> **TASK DIRECTIONS**: The answer should consist of the full listing below, repeated exactly and free of pictures.

> **DATASET EXCERPT**:
########################################

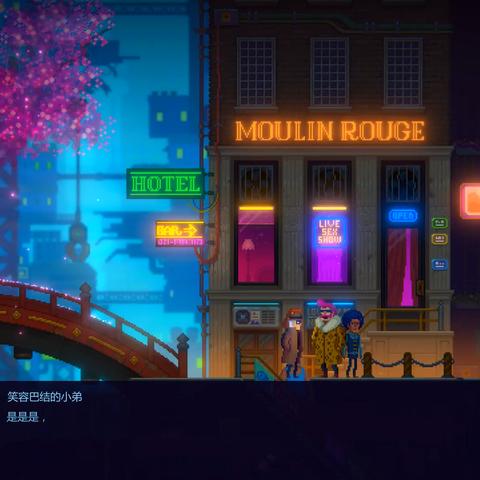 迷雾侦探维修店配件攻略：快速找到心仪配件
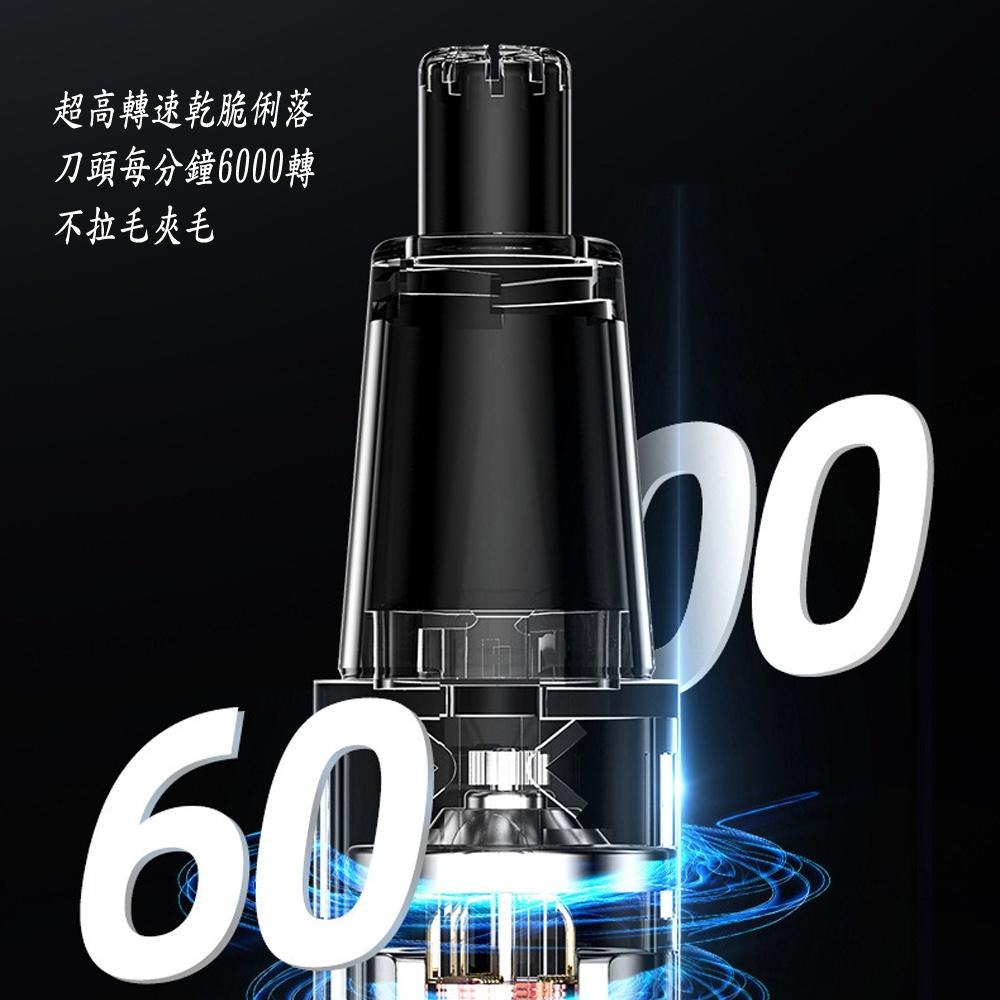含稅全新特價月陽攜帶充電式筆型超高速電動鼻毛刀刮鬍刀修毛髮多用途修剪器(YD555)-細節圖4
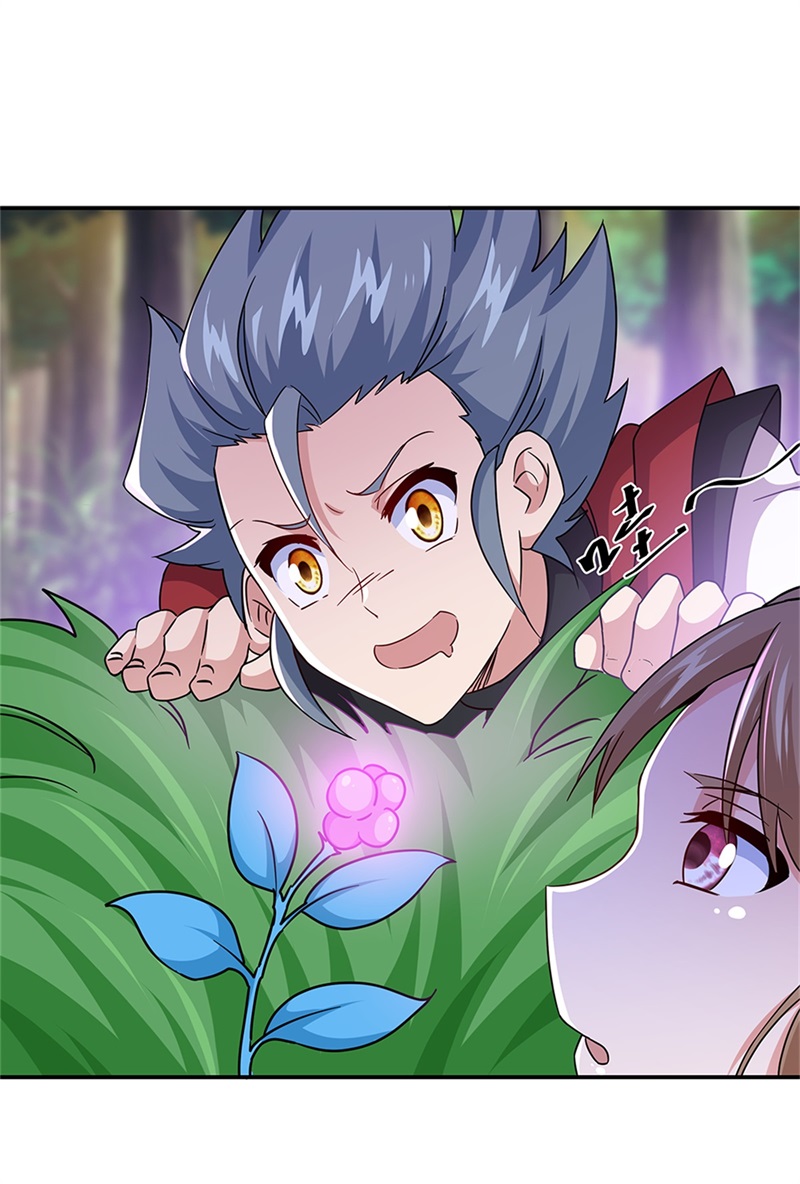 绝世战魂第345话 嗜血乱海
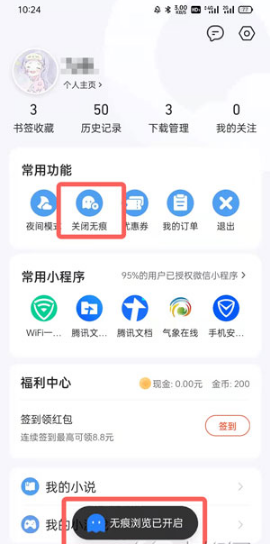 QQ浏览器无痕模式如何打开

########################################

> **EXERCISE RESULT**:
 迷雾侦探维修店配件攻略：快速找到心仪配件
含稅全新特價月陽攜帶充電式筆型超高速電動鼻毛刀刮鬍刀修毛髮多用途修剪器(YD555)-細節圖4
 绝世战魂第345话 嗜血乱海
 QQ浏览器无痕模式如何打开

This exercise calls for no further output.